10. Shri Shekhar Naphade, learned senior counsel appearing for the appellants, submitted that the High Court did not appreciate the scope of Section 276CC of the Act. Learned senior counsel pointed out that once it is established that on the date of the complaint i.e. on 21.08.1997 the assessment had not attained finality, the complaint became pre-mature as on the date of the complaint and no offence had taken place and all the ingredients of offence under Section 276 of the Act were not satisfied. Learned senior counsel pointed out that unless and until it is shown that failure to file the return was willful or deliberate, no prosecution under Section 276CC could be initiated. Learned senior counsel pointed out that in fact, the second accused in her individual return had disclosed that the firm was doing the business and that it had some income and hence, it cannot be said that A-2 had concealed the fact that the firm had any intention to evade tax liability. Learned senior counsel also submitted that whether the assessee had committed any offence or not will depend upon the final assessment of income and tax liability determined by the appropriate authority and not on the assessment made by the assessing officer. Placing reliance on the proviso to Section 276CC learned senior counsel submitted that, that is the only interpretation that could be given to Section 276CC. In support of his contention reliance was placed on the Judgment of this Court in Commissioner of Wealth Tax, Gujarat v. Vimlaben Vadilal Mehta (Smt.) (1983) 4 SCC 692, Commissioner of Wealth Tax, Gujarat, Ahmedabad v. Vadilal Lallubhai & Ors. (1983) 4 SCC 697 and State of H.P. and others v. Gujarat Ambuja Cement Ltd. and another (2005) 6 SCC 499. Referring to Section 278E of the Act, learned senior counsel submitted that till the assessment does not attain finality, Section 276CC is not complete and the presumption under Section 278E is not attracted. Learned senior counsel also submitted that the High Court has wrongly applied the principles laid down by this Court in Prakash Nath Khanna and another v. Commissioner of Income Tax and another (2004) 9 SCC 686, in any view, which calls for reconsideration. Learned senior counsel submitted that the said Judgment deals with the factum of proviso to Section 276CC of the Act which lays down that there is no offence if the tax amount does not exceed Rs.3,000/-.

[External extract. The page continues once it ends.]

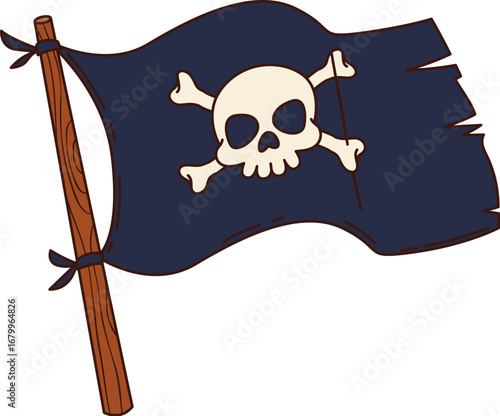 Cartoon groovy pirate and corsair black flag on wooden pole with skull and crossbones, fluttering in the wind. Isolated vector retro banner object with jolly roger, symbol of sea nautical adventure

11. Shri Sidharth Luthra, learned Additional Solicitor General of India, appearing for the Revenue, on the other hand, submitted that Section 139 of the Act placed a statutory mandate on every person to file an income tax return in the prescribed form and in the prescribed manner before the due date i.e. 31st August of the relevant assessment year. Learned ASG submitted that on breach of Section 139(1) of the Act, cause of action to prosecute the assessee arises subject to other ingredients of Section 276CCof the Act. Learned ASG pointed out that what is relevant in the proceedings, is not only the due date prescribed in Section 139(1) of the Act, but also time prescribed under Section 142 and 148 of the Act, by which further opportunities have been given to file the return in the prescribed time. In other words, Section 276CC, according to the learned ASG, applies to a situation where assessee has failed to file the return of income as required under Section 139 of the Act or in response to notices issued to the assessee under Section 142 or Section 148 of the Act. Learned ASG also submitted that the scope of proviso to Section 276CC to protect the genuine assessees who either file their return belatedly but within the end of the assessment year or those who paid substantial amount of their tax dues by pre-paid taxes. Considerable reliance was placed on the Judgment of this Court in Prakash Nath Khanna and another (supra). Reliance was also placed on the Judgment of this Court in Maya Rani Punj (Smt.) v. Commissioner of Income Tax, Delhi (1986) 1 SCC 445.
12. Learned ASG also explained the scope of Section 278E by placing reliance on P.R. Metrani v. Commissioner of Income Tax, Bangalore (2007) 1 SCC 789, Kumar Exports v. Sharma Carpets (2009) 2 SCC 513, and submitted that pendency of the appellate proceedings is not a relevant factor in relation to prosecution under Section 276CC. Reference was also made to Ravinder Singh v. State of Haryana (1975) 3 SCC 742 and Standard Chartered Bank and others v. Directorate of Enforcement and others (2006) 4 SCC 278. Learned ASG submitted that the Judgment in Prakash Nath Khanna (supra) calls for no reconsideration, as the same has been uniformly applied by this Court as well as by the various High Courts. Learned ASG also pointed out that the appellants have been indulging in litigative exercises by which they could hold up the proceedings for almost two decades and that the trial court has rightly rejected the application for discharge, which was affirmed by the High Court and the same calls no interference by this Court.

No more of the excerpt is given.